**INPUT DATA**:
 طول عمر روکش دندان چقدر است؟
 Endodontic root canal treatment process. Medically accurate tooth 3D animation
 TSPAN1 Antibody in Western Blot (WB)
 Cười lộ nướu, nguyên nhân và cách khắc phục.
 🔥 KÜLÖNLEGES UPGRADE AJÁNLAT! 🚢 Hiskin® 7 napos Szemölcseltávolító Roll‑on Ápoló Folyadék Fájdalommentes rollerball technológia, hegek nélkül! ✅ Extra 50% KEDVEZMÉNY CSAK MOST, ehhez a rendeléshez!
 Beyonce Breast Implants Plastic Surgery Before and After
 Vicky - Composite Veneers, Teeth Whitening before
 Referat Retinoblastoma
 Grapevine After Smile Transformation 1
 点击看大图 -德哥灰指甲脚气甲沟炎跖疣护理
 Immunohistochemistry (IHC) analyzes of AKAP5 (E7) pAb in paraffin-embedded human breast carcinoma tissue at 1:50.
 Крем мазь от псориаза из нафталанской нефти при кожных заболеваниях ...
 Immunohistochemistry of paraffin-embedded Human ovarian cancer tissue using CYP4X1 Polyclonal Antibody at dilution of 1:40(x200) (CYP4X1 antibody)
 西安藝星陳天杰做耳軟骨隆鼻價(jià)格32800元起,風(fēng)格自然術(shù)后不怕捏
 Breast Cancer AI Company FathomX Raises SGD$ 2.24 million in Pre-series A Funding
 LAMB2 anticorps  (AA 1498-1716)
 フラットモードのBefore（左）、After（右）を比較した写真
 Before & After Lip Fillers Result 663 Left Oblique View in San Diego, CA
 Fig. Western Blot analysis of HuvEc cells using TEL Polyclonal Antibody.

**THE PROBLEM**: Copy every line in the entries above that has the string "Polyclonal" in it.

**SOLUTION**:
 Immunohistochemistry of paraffin-embedded Human ovarian cancer tissue using CYP4X1 Polyclonal Antibody at dilution of 1:40(x200) (CYP4X1 antibody)
 Fig. Western Blot analysis of HuvEc cells using TEL Polyclonal Antibody.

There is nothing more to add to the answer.